▸ TASK TO COMPLETE
Your job is to set down the stretch of entries that opens with the line containing "Ray-Ban The General RB3561 001/3F" and closes with the line containing "Enchiladas Rancheros". Keep both end lines, copy each exactly, and add nothing.

▸ EXERCISE DATA
┌──

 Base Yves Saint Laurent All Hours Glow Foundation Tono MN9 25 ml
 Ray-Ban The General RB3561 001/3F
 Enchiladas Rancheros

└──
┌──

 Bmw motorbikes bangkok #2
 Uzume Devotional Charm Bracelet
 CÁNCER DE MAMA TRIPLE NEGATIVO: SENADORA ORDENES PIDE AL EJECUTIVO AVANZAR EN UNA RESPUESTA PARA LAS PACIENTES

└──

▸ EXERCISE ANSWER
 Ray-Ban The General RB3561 001/3F
 Enchiladas Rancheros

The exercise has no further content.